If your opponent is as terrible as, say, Hershel Walker, you take every moment imaginable, and you go directly after your opponent as unqualified, embarrassing, and ridiculous. There are a lot of Republicans who may be hardened in their Republican voter means, but if they are faced with a candidate whot they personally find humiliating, they are doing their own internal calculus that says: Our state is going to be represented by this person, who will make all of us look terrible for six years. I will be constantly explaining to my children about the latest gaffe, scandal, or other problem caused by a senator I voted for, and I really don’t want any part of that so I’ll just choose to not vote.
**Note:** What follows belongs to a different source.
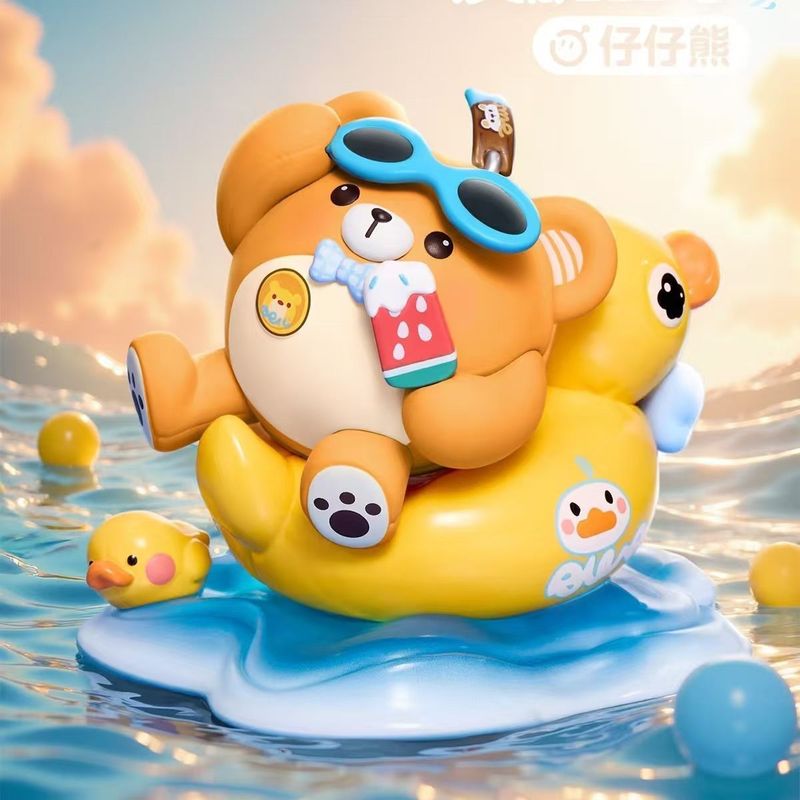 新品卡通蛋仔派对系列盲盒假日海岸线手办公仔游戏潮玩玩具礼物|undefined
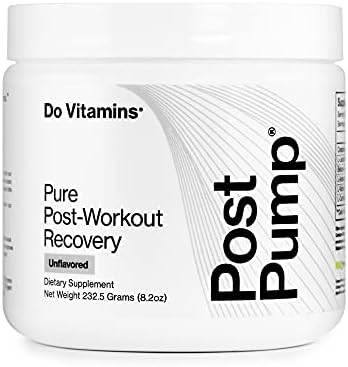 Do Vitamins PostPump Natural Post-Workout Supplement, Muscle Building Recovery Powder, BCAA, Creatine, Betaine, Carnitine, Paleo, Keto, Vegan, 30 Servings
More than anything that helped Senator Rev. Warnock win on Election Night, the fact that many Republicans could not see themselves backing Walker meant something, and conservative-leaning unaffiliated voters wanted absolutely nothing to do with the possibility of a candidate who still seemed to reside in Texas—the last state he destroyed in a horrific trade with the Minnesota Vikings. And, let’s face it: If you are thinking about a trade, would you trade a celebrated pastor for an inexperienced gaffe machine?

There is nothing wrong with dividing the Republican base

Despite a certain senator from Arizona, right now, the Republican base is undergoing an incredibly deep division. While it took her forever to endorse Katie Hobbs, the rest of us see a clear difference inside the Republican Party. The number of moderates has fallen, and the rise of radicals is at a record high. Let’s face it: If Liz Cheney is considered too moderate, then the Republican Party has deep institutional problems.

This is where the Democratic Party has an obligation to start calling out these divisions, and to force the Republican Party to face them down on their own. It is not up to us to fix their problems. They can either develop a political spine and start talking the truth to their own base, or they can continue to empower the worst ideologies that will lead further and further away from young Americans, and further away from an accepting country.

Republicans are forced to hold together two sides of their party: Cradle Republicans who were born into Republican families (I was) during eras of a very different Republican Party, and Trumpian Republicans who are Republicans primarily because they feel as though something was taken away from them and they want to demand preferential treatment.

As the party splits into divisions, it is time for the Democratic Party to point out those divides and be willing to appeal to those who want a more open, sensible look at the government—rather than a radicalized government that isn’t about developing solutions.